En ese instante cinco de los allí presentes fueron lanzados hacia arriba, a un gesto de Lázaro uno de ellos empezó a devorarse a sí mismo, otro empezó a despellejarse, en tiras desde la cabeza y fue bajando. Ninguno gritaba. Con otro gesto de aquel hombre ataviado de negro, un cuchillo salido de no se sabía dónde, de un tamaño descomunal y moviéndose a una velocidad vertiginosa, empezó a trocear a otro de aquellos cuerpos que levitaban. Cuando sus trozos, no más grandes que una moneda cayeron al suelo, todavía se movían, no habían tenido tiempo de asimilar que ya solo eran carne muerta. Los otros dos que quedaban fueron chocando entre sí cada vez con más virulencia.

-Vencer a la muerte tiene sus cosas buenas- seguía diciendo Lázaro- hasta que ves que todos tus familiares y amigos mueren y solo quedas tu. Entonces te das cuenta de que hay algo mucho mejor que vivir eternamente: matar eternamente. Solo así recuperas un poco, la alegría de la vida. Y eso es lo que hago, matar, sin mirar a quién o cómo. Disfruto con cada una de esas muertes. Vosotros -dijo señalando a los que permanecían sentados- vais a ser más afortunados que ellos -dijo señalando hacia arriba- vuestra muerte será menos dolorosa.
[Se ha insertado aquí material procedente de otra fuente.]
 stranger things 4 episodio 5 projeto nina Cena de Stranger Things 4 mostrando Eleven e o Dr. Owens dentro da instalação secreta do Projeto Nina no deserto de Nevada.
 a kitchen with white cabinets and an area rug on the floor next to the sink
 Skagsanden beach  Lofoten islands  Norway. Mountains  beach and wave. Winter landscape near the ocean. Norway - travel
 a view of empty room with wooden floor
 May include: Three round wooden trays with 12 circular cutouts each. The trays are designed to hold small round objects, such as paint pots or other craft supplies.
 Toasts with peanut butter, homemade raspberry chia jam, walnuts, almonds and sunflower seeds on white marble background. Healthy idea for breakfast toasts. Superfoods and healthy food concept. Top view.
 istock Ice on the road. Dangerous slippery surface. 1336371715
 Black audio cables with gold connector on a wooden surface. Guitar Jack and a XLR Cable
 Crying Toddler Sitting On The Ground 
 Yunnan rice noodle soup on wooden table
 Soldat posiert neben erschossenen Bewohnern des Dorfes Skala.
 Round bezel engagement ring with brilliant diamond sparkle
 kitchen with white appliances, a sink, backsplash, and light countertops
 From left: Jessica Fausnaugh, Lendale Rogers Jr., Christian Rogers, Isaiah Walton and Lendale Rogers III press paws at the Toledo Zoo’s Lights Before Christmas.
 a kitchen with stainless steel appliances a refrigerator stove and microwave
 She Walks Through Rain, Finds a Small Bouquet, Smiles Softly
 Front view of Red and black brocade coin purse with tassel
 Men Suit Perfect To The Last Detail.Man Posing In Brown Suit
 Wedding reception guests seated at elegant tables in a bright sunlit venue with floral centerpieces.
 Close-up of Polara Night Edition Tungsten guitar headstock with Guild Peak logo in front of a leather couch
Se encaminó hacia la puerta que, al acercarse, explotó hacia afuera, en ese momento todos los hombres, mujeres y niños allí reunidos, ardían y se consumían. Lázaro les había engañado, todos iban a tener un muerte terrible y dolorosa. La tormenta estaba en su máximo apogeo y sonrió. Cruzó el umbral y se sentó en el primer escalón. Una de las puertas se había estrellado contra el edificio de enfrente, la otra había partido por la mitad a Peter, el único habitante que no había acudido a la iglesia y que se guarecía como podía de la lluvia bajo una marquesina de autobús. Nadie podía quedar con vida. En la cabeza de Lazarus resonaron unas palabras que más de 2000 años antes le dijera Jesús: “Levántate y anda”, sonrió y eso fue lo que hizo, levantarse y andar. Los cristales de la iglesia implosionaron y el agua empezó a entrar por el hueco que habían dejado en las paredes. Con las manos en los bolsillos, Lázaro proseguía su camino, sin mirar atrás, sin remordimientos.